Print out the data precisely as it appears here, with no pictures.

■ **INPUT DATA**
- Opening Delimiter -
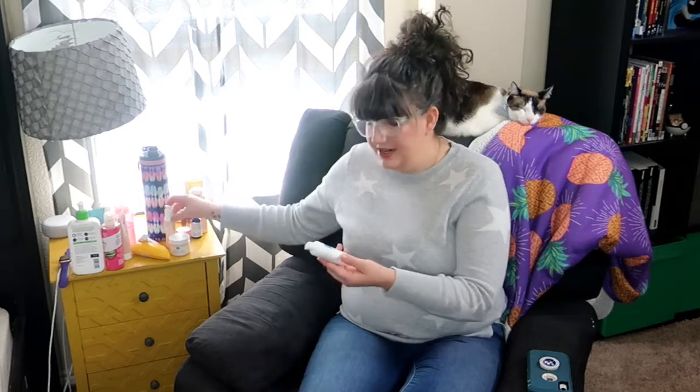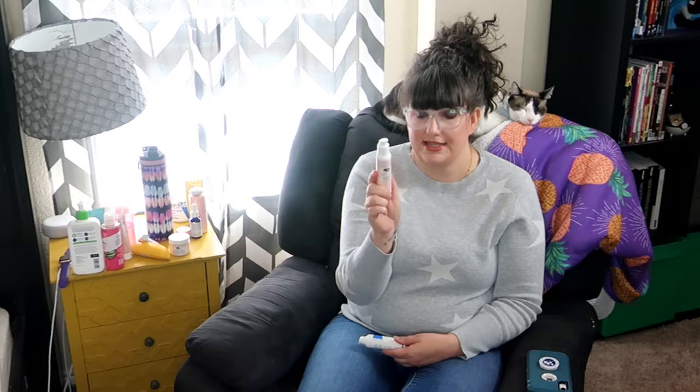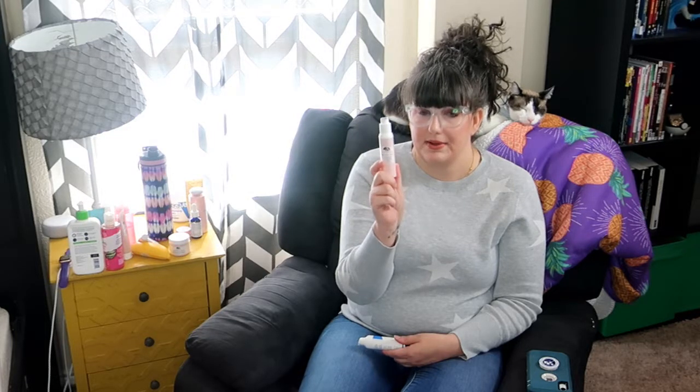For serums, on days I'm not wearing makeup I use the CeraVe Hydrating Hyaluronic Acid Serum and I really like it. On days I do wear makeup I use the Origins Original Skin Renewal Serum with Willow Herb — that stuff is amazing. I've already bought a backup because I'm pretty sure I'm almost done with this one.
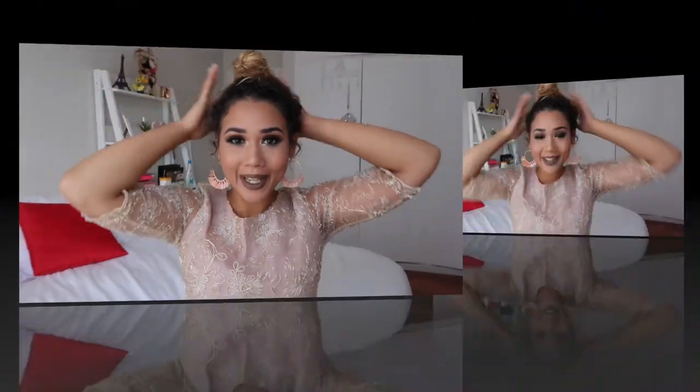You know your bun's too high when it can't even fit in the frame — it's like a little... Hi guys and welcome back to my YouTube channel!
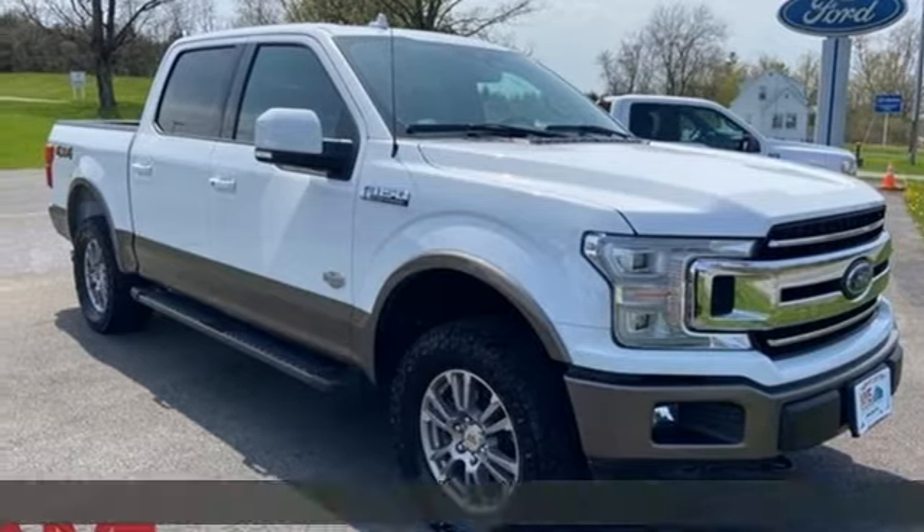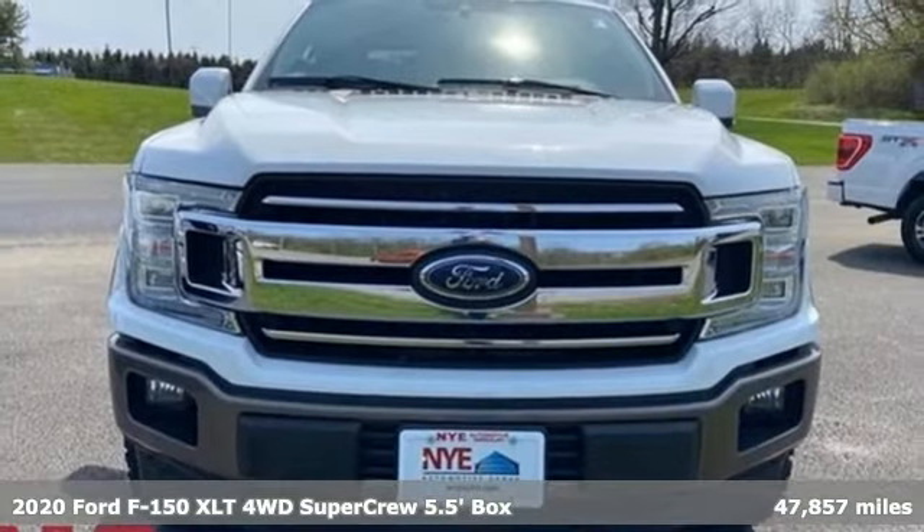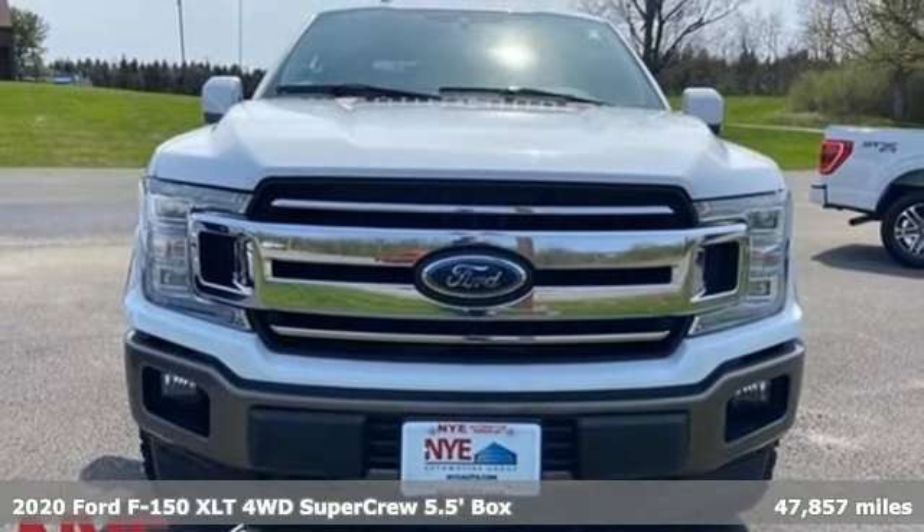It's a 2020 Ford F-150. Ford, where tradition meets innovation. Plus, it offers an exciting list of features.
- Closing Delimiter -
■ **RESPONSE TO THE EXERCISE**
For serums, on days I'm not wearing makeup I use the CeraVe Hydrating Hyaluronic Acid Serum and I really like it. On days I do wear makeup I use the Origins Original Skin Renewal Serum with Willow Herb — that stuff is amazing. I've already bought a backup because I'm pretty sure I'm almost done with this one.
You know your bun's too high when it can't even fit in the frame — it's like a little... Hi guys and welcome back to my YouTube channel!
It's a 2020 Ford F-150. Ford, where tradition meets innovation. Plus, it offers an exciting list of features.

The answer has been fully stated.